Aeppli-Bott-Chern cohomology and Deligne cohomology from a viewpoint of Harvey-Lawson's spark complex

TL;DR

This paper constructs a new differential cohomology theory for complex manifolds, connecting Aeppli-Bott-Chern and Deligne cohomologies via Harvey-Lawson's spark complex, and computes it for Iwasawa manifolds.

Contribution

It introduces a novel cohomology framework unifying Aeppli-Bott-Chern and Deligne cohomologies through spark complexes, with applications to complex manifold classification.

Findings

Constructed a differential cohomology $\widehat{H}^*$ linking existing theories.

Established ring structures and refined Chern classes within the new framework.
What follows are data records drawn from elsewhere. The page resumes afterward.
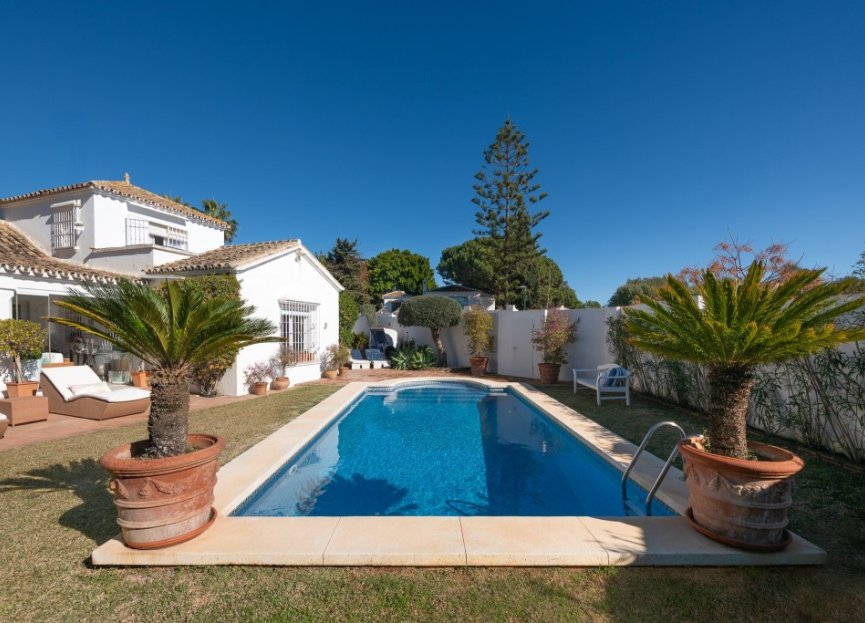 Resale - House - Detached Villa - Marbella - Artola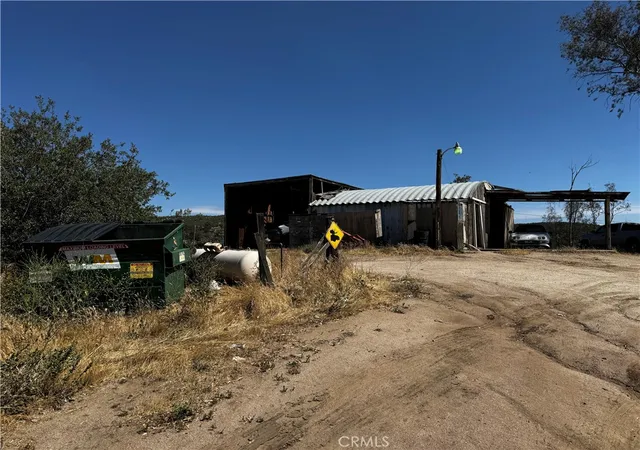 Homes for sale in Hemet, CA | 42600 Duer, Hemet, CA 92544 | MLS# SW26110969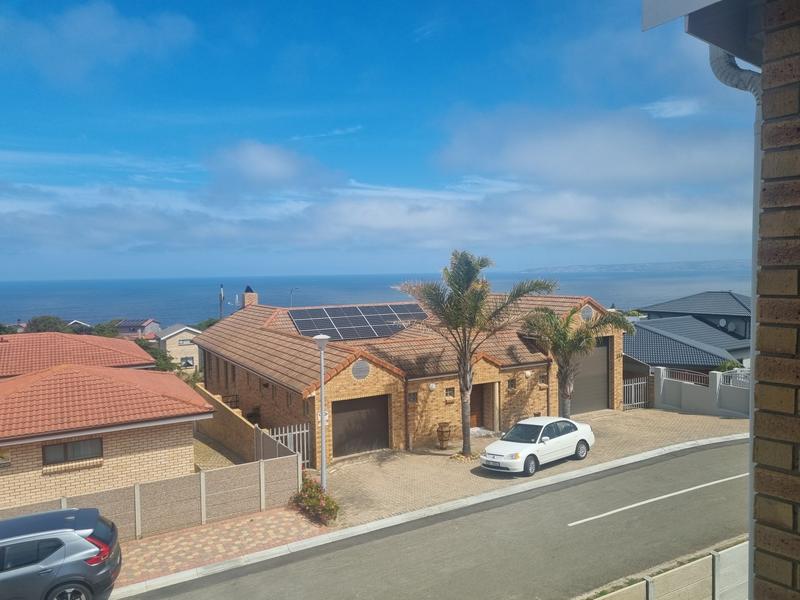 3 Bedroom Property for Sale in Reebok Western Cape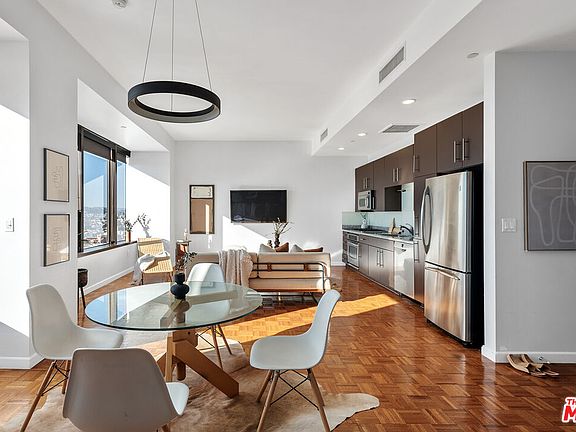 4th image of 1100 Wilshire Blvd APT 2101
Computed cohomology for Iwasawa manifolds, refining Nakamura's classification.

Abstract

By comparing Deligne complex and Aeppli-Bott-Chern complex, we construct a differential cohomology $\widehat{H}^*(X, *, *)$ that plays the role of Harvey-Lawson spark group $\widehat{H}^*(X, *)$, and a cohomology $H^*_{ABC}(X; \Z(*, *))$ that plays the role of Deligne cohomology $H^*_{\mathcal{D}}(X; \Z(*))$ for every complex manifold $X$. They fit in the short exact sequence $$ 0\rightarrow H^{k+1}_{ABC}(X; \Z(p, q)) \rightarrow \widehat{H}^k(X, p, q) \overset{\delta_1}{\rightarrow} Z^{k+1}_I(X, p, q) \rightarrow 0$$ and $\widehat{H}^{\bullet}(X, \bullet, \bullet)$ possess ring structure and refined Chern classes, acted by the complex conjugation, and if some primitive cohomology groups of $X$ vanish, there is a Lefschetz isomorphism. Furthermore, the ring structure of $H^{\bullet}_{ABC}(X; \Z(\bullet, \bullet))$ inherited from $\widehat{H}^{\bullet}(X, \bullet, \bullet)$ is compatible with the one of the analytic Deligne cohomology $H^{\bullet}(X; \Z(\bullet))$. We compute $\widehat{H}^*(X, *, *)$ for $X$ the Iwasawa manifold and its small deformations and get a refinement of the classification given by Nakamura.